Zu Unrecht. Antheil war einer der ersten, die ihre Faszination für und Skepsis gegenüber Maschinen und mechanistischer Ästhetik in ihrer Musik verarbeiteten. Konkreter Ausdruck davon ist eine stark rhythmisch-motorische Komponente, die in ihrer Art auch den damaligen Einfluß Strawinskys verrät, gekoppelt mit Anklängen an Jazz, frei nach der Devise, daß zwei Stühle nun mal dafür da sind, sich dazwischen zu setzen.
Ein Schlüsselwerk in dieser Hinsicht ist das „Ballet mécanique“ (das in Wirklichkeit weder ein Ballett noch rein mechanisch ist und ursprünglich mit dem gleichnamigen Film von Dudley Murphy und Fernand Léger synchronisiert werden sollte) von 1926. Bei der vorliegenden Fassung für vier Klaviere und Schlagzeug von 1952/53 hat Antheil das Instrumentarium von 16 elektrischen Pianolas, Schlagzeug und Flugzeugpropeller zwar deutlich reduziert, der Energie und der Komik des Stückes tut dies keinen Abbruch. Antheil muß sich bei der Komposition geradezu im Rausch der Geräusche befunden haben. Dabei ging es ihm weniger darum, Maschinen realistisch nachzuahmen, als um Inspiration und Tonsprache aus Technik.

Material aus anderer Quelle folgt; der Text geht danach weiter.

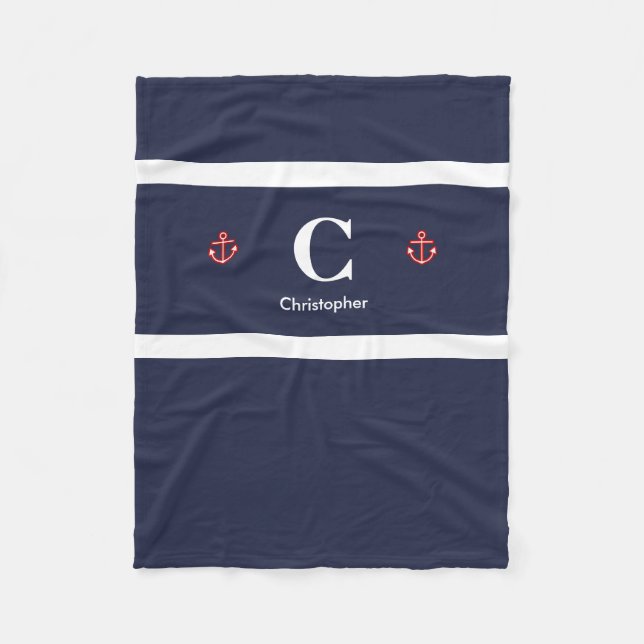 Manta Polar Estribos blancos de la Marina Náutica Personalizad (Anverso)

Zwar enthält die CD auch weniger bedeutende Kompositionen, und seine frühen, aufsehenerregenden Klavierstücke wie „Death of the Machines“ oder „Airplane Sonata“ sind nicht dabei. Es wurden aber auch einige Raritäten ausgegraben, von denen derzeit keine anderen Aufnahmen erhältlich sind. Und: Das Ensemble Modern, das sie ausgebraben hat, ist interpretationsmächtig genug, der Antheilschen Mischung von Raserei und Präzision, Larmoyanz und Satire gerecht zu werden.